On that Oval Nationals 2017 Saturday night, I had arrived at the track with a little over $1500. I added another $50 from people who sit around me in the grandstand and contribute every year. After the race Steve Lafond and I handed a record $ 1560.50, plus a bottle of specially labeled Crown Royal, to Damion Gardner for his passing run. All was well, another good year for us. We celebrated another good year before heading home in the morning.

I went home happy until I read an email from Don Kazarian. It said I had to have permission to collect money at his track and it wasn’t fair to his event sponsor and the Tony Jones hard charger award they put up. I was embarrassed and shocked and didn’t get it that he did it this way. I felt like the kid in school that was asked to meet the teacher in the cloak room. Why couldn’t there be two awards? I responded to Don that I was sorry and if I continued on with my award I would collect and do it somewhere else. I promised not to collect for the racers at his track again.

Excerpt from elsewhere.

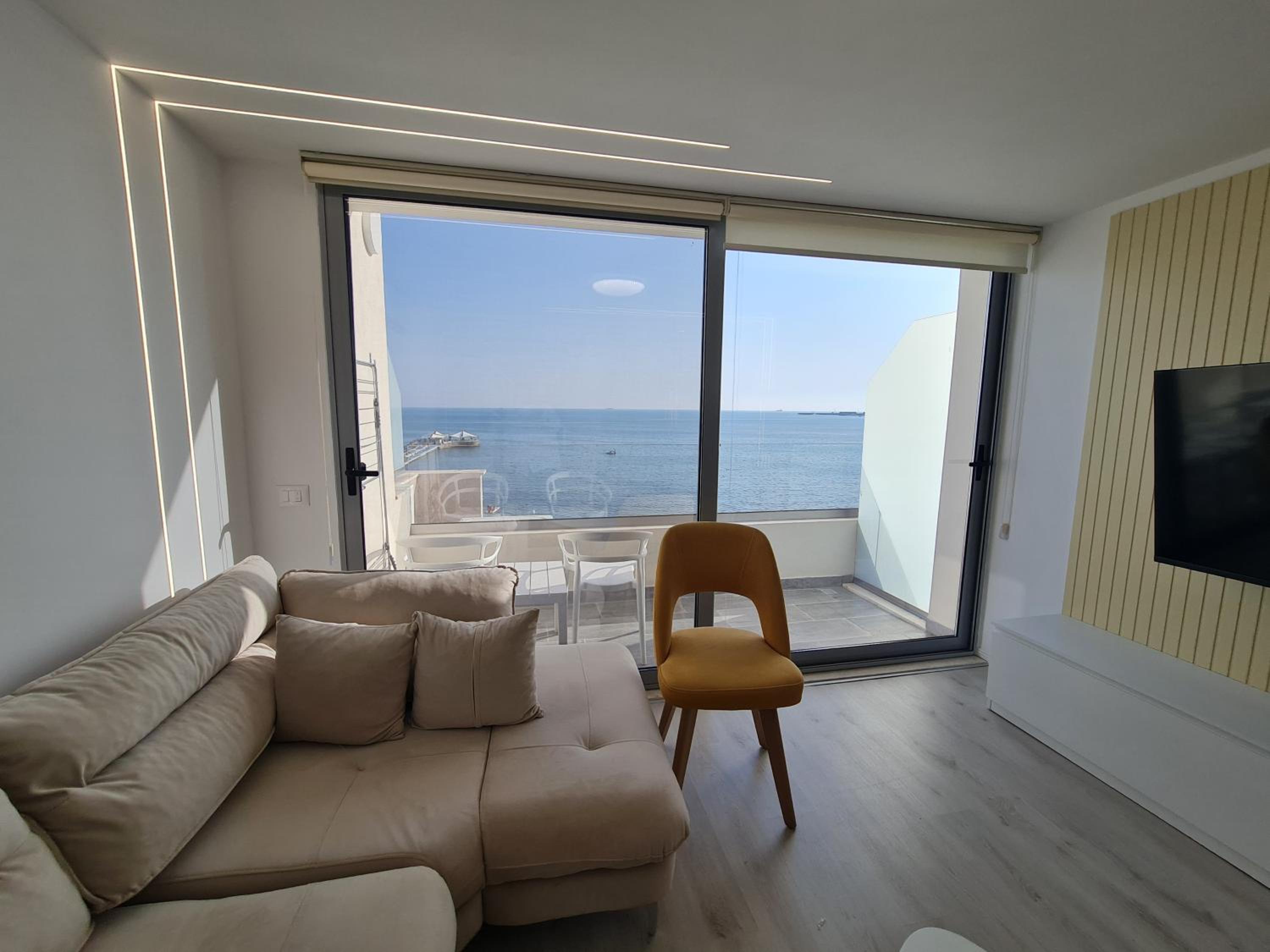 Sea view luxury duplex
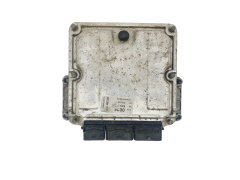 Calculateur Renault 0281011562 8200323120 8200362943 Bosch 47765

In my defense I had been collecting at the PAS for the racers since the day the track opened with their OK. At one time they did announce what I was doing to the crowd, but over the years that went away. When the Tony Jones Hard Charger Award started a few years ago, he and I talked about it and I didn’t have a problem with it, so I kept on doing mine like normal. They announced his and never mine, what’s that mean, you figure it out. Who would care if the racers got more money?

Keep in mind that once I started collecting money for the racers back in 1989, I never wavered. I always did it, rain or shine, it was my quest, my job, something no one else did, and I felt good about it. I know promotors generally thought what I was doing took money out of their pocket, Perris did from the start, but I disagree. All my supporters who brought me money did it because they wanted to support the racers. Communication is a wonderful thing. It was Hell-of-a run at the PAS, but now I don’t feel welcome and I won’t be going back.

Steve Lafond retired last season from shooting his foto’s after 24 plus years and collecting for his award he started back in the early Wagsdash days. After he heard my sad tale, he agreed we might continue on somewhere else. If anyone wants to get involved like normal, I will continue to collect for the CRA Hard Charger Award. Feel free to let me know if I should continue.

OK, you tired yet? I have gone about as far as I can go this time. I’ll be looking for more stories in my brain before next time. Perhaps the one about Lealand knocking over the trash can in Yuma, or the time Billy Boat gave a banana to my grandson to keep him quiet, and maybe the time Mr Lafond had his foot on the dash while driving on a CRA tour back East? Those or more like them are bubbling to the top. Hang in there, I’ll go look for more pics now!